## Required action
After locating the line that contains "Jeep Compass 2WD", output that line and each one following it, exactly, to the end of the entries. No pictures.

(Short text fragments from websites)
---

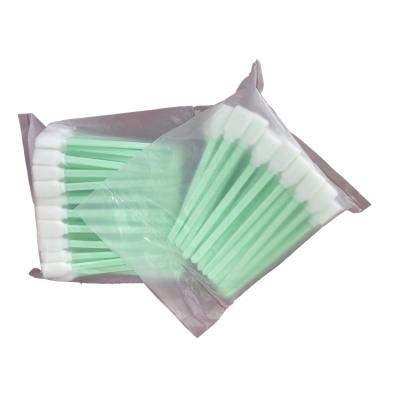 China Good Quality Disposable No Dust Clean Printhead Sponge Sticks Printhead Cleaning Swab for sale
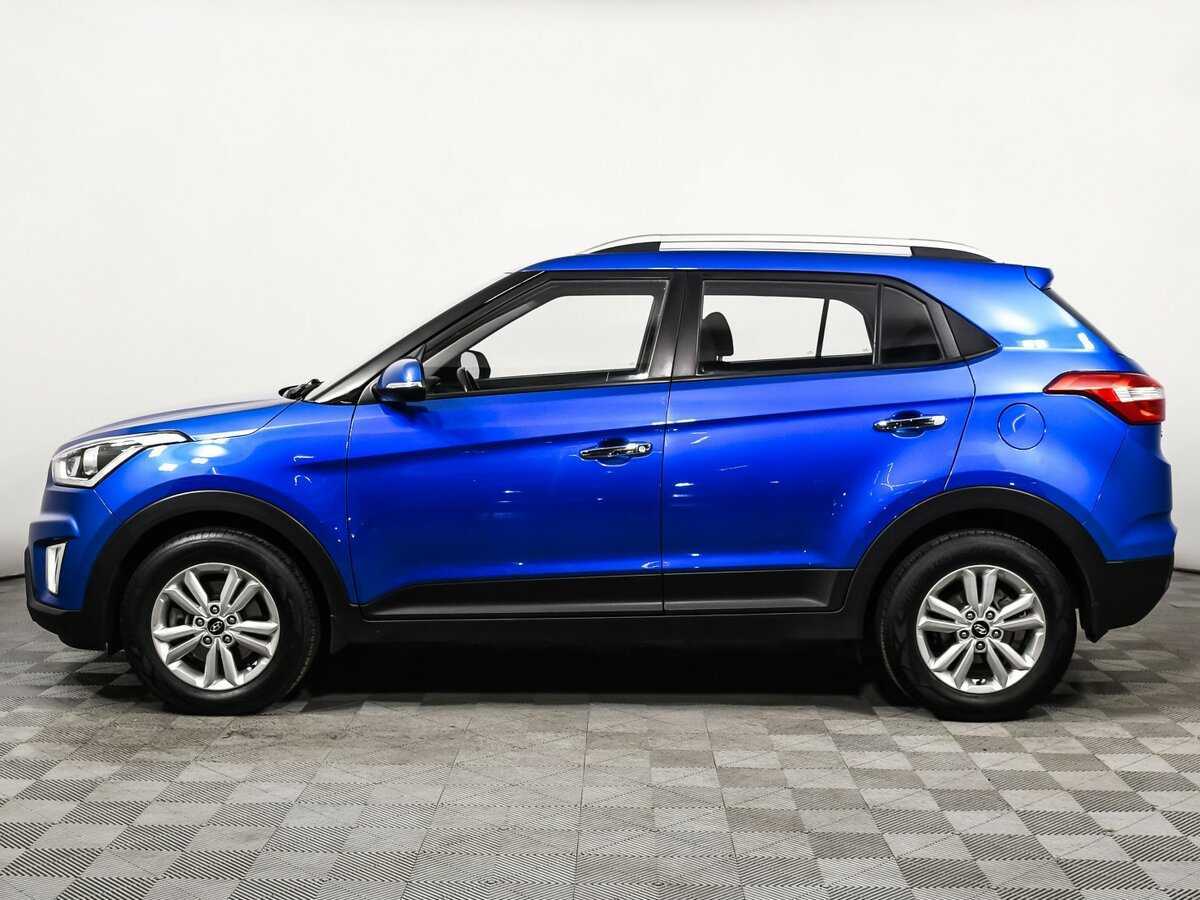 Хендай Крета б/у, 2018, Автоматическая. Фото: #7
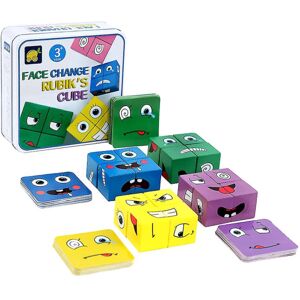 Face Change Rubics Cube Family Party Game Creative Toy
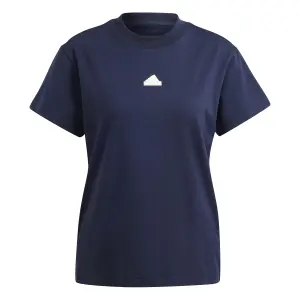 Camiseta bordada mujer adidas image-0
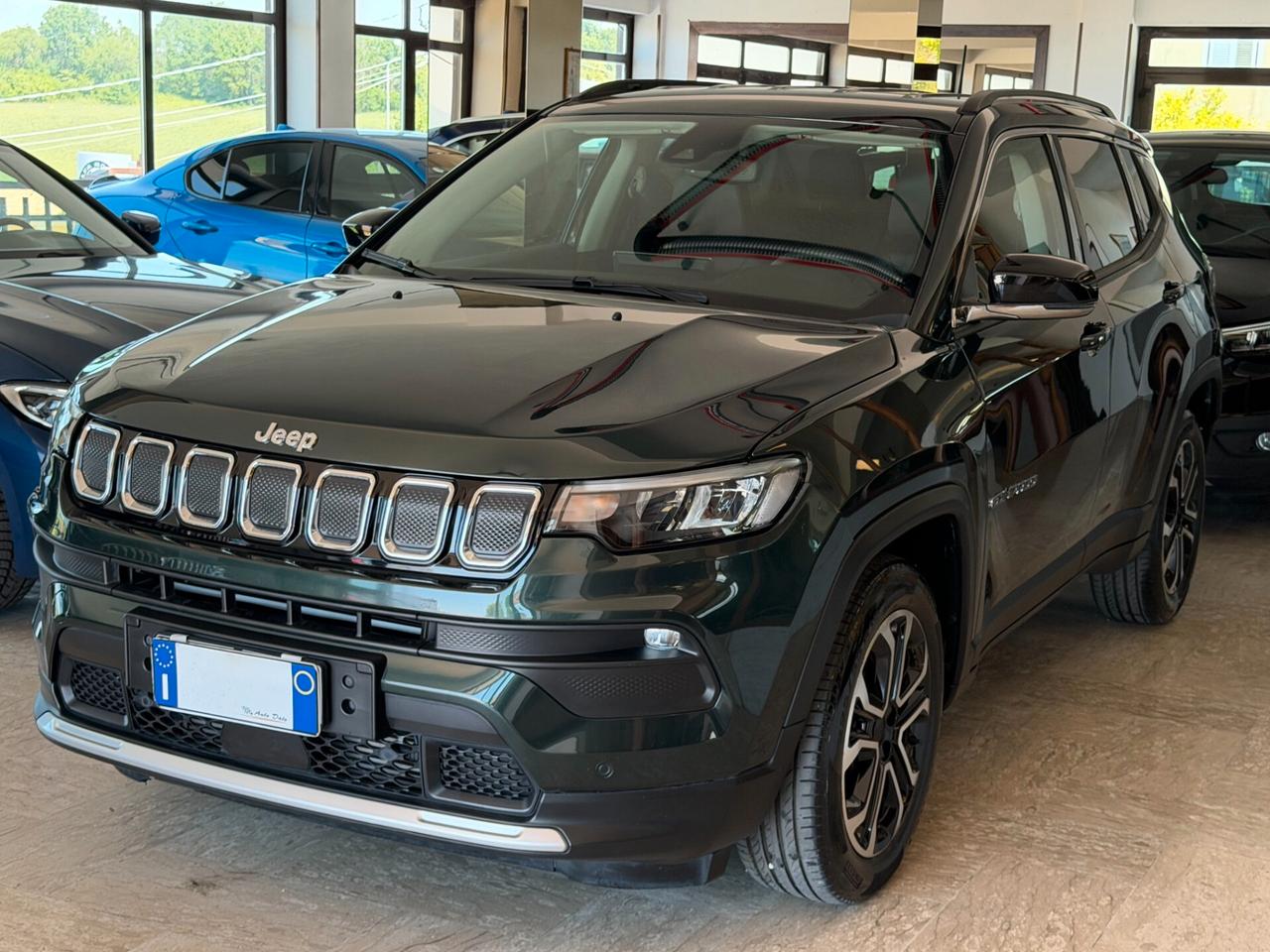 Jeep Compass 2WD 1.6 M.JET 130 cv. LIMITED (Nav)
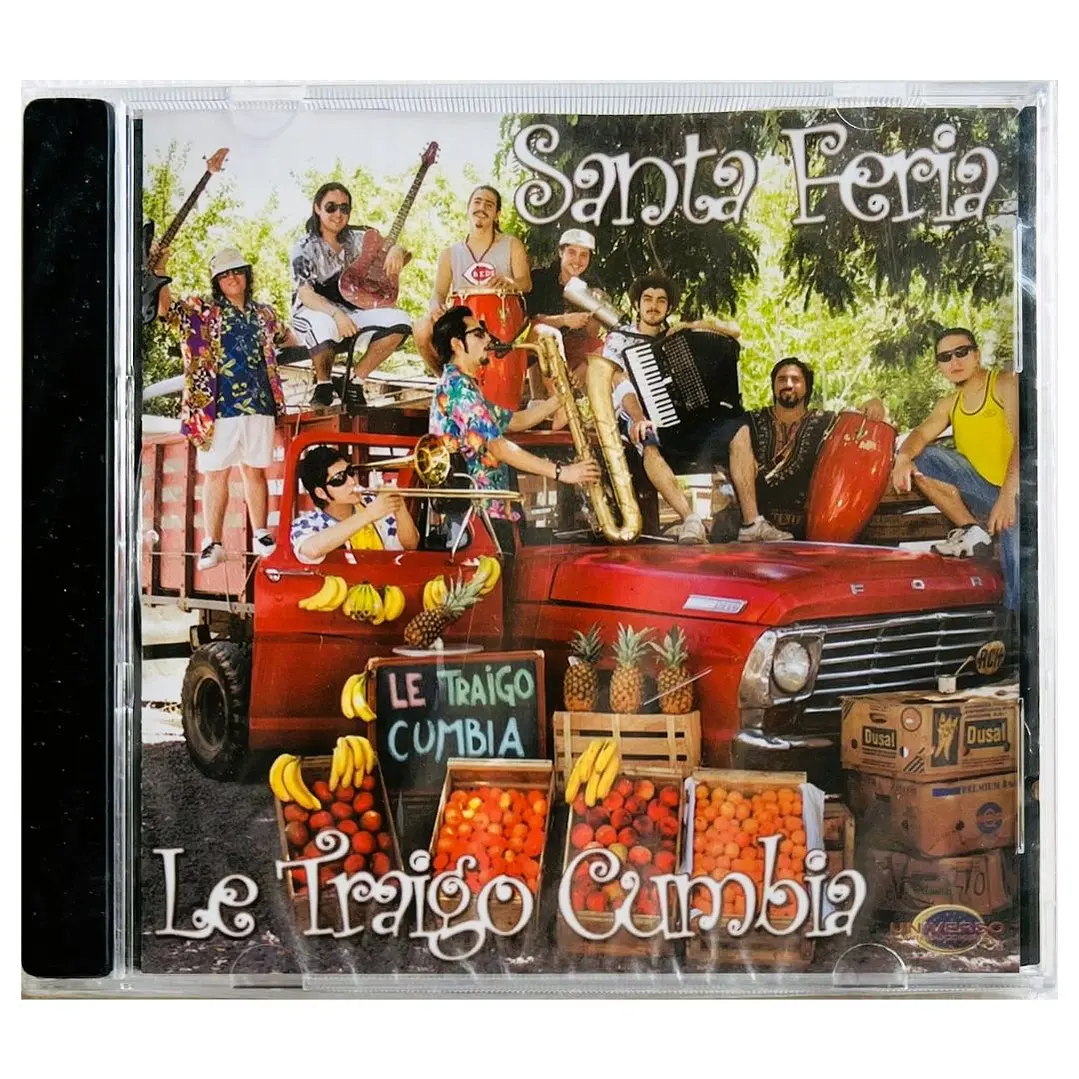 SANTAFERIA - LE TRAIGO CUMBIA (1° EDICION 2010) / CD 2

---

## Answer section
 Jeep Compass 2WD 1.6 M.JET 130 cv. LIMITED (Nav)
 SANTAFERIA - LE TRAIGO CUMBIA (1° EDICION 2010) / CD 2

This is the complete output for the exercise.